С. И.: Причем хорошие идеи попадают на развитую структуру с минимальными инвестиционными затратами. Например, мы у себя на ускорителе реализовали идею так называемой протонографии: пучок протонов позволяет просвечивать очень плотные объекты и изучать их внутреннюю структуру. Оказалось, что пучок с энергией 50 ГэВ на нашем ускорителе идеально подходит для реализации этого метода. За три года мы построили полномасштабную установку для таких исследований на имеющейся базе.
М. К.: Есть еще протонная терапия, когда частицами-протонами можно ликвидировать ненужные образования в человеческом организме. Этим много занимались на нашей площадке в Гатчине, в Петербургском институте ядерной физики. Были достигнуты большие успехи в адронной терапии вместе с Научным центром радиологии и хирургических технологий имени Гранова в Северной столице.
Н. Т.: В нашем институте также развивается проект в области лучевой терапии с использованием пучка ионов углерода. Ускоритель создавался для всей страны и до сих пор остается «научной меккой». К нам едут зарубежные физики работать на 70 ГэВ ускорителе, где активно ведутся методические и научные исследования. На ускорителе работают ученые из многих институтов — из ОИЯИ, МГУ, ИЯИ РАН и других.
С. И.: Когда люди работают на домашней экспериментальной базе, они совсем по-другому воспринимаются и в составе международных коллабораций. Их возможности на родине позволяют и на Западе чувствовать себя на равных. В той же ЦЕРН, например, нас всегда приглашают участвовать во всех важных экспериментах.
С. И.: Уверенное вхождение нашей страны в ЦЕРН в основном обусловлено теми связями, которые сложились в ходе совместной работы на У-70. Крупнейшие физики мира вместе росли в Протвино.
М. К.: Да, у нас сохраняются давние и глубокие традиции в физике высоких энергий, элементарных частиц и атомного ядра. Передовые исследования в этих областях когда-то были развернуты для развития атомного проекта. И этими уникальными возможностями мы располагаем до сих пор. Существенная их доля сосредоточена сегодня под крышей Курчатовского института, другая немалая часть — в научных учреждениях Академии наук под эгидой ФАНО. Институт физики высоких энергий, Институт ядерной физики Сибирского отделения РАН, Институт ядерных исследований в Троицке... У нас сохраняется всемирно известная школа. Она дала толчок развитию мегапроектов и в Европе, когда наши ученые вышли на мировой научный рынок. Именно с их помощью получаются результаты, так сказать, на острие ножа, уникальные, которые невозможно получить с помощью стандартных приборов. Создание этих мегаустановок само по себе уже прорыв, они – концентрация всех самых мощных технологических достижений и сегодняшнего, и даже завтрашнего, дня. Сегодня мы стали неотъемлемой частью мирового научного ландшафта., крупнейших мегапроектов: ЦЕРН, ИТЭРа, Европейского центра синхротронного излучения в Гренобле, Лазера на свободных электронах в Гамбурге. Во всех этих проектах мы равноправно участвуем интеллектуально, технологически, финансово.
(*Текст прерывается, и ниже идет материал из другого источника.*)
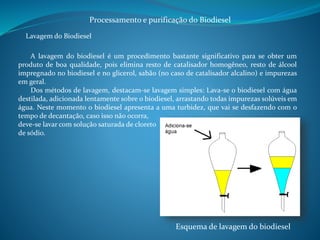 Processamento e purificação do Biodiesel 
Lavagem do Biodiesel 
A lavagem do biodiesel é um procedimento bastante significativo para se obter um 
produto de boa qualidade, pois elimina resto de catalisador homogêneo, resto de álcool 
impregnado no biodiesel e no glicerol, sabão (no caso de catalisador alcalino) e impurezas 
em geral. 
Dos métodos de lavagem, destacam-se lavagem simples: Lava-se o biodiesel com água 
destilada, adicionada lentamente sobre o biodiesel, arrastando todas impurezas solúveis em 
água. Neste momento o biodiesel apresenta a uma turbidez, que vai se desfazendo com o 
tempo de decantação, caso isso não ocorra, 
deve-se lavar com solução saturada de cloreto 
de sódio. 
Esquema de lavagem do biodiesel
Но сегодня мы снова развиваем мегаустановки на своей территории. Для приоритетного развития отобраны несколько проектов, которые идут полным ходом: нейтронный реактор ПИК в Гатчине, тяжелоионный ускоритель NICA в Дубне, токамак с сильным полем «Игнитор» на площадке «Росатома» в Троицком институте инновационных и термоядерных исследований... Наконец, синхротрон четвертого поколения — сложнейшая комплексная установка, которую мы планируем создать в Протвино. Думаю, мы сейчас располагаем всем необходимым для того, чтобы эти проекты на территории нашей страны смогли быстро воплотиться в жизнь и привлечь множество ученых — как российских, так и со всего мира.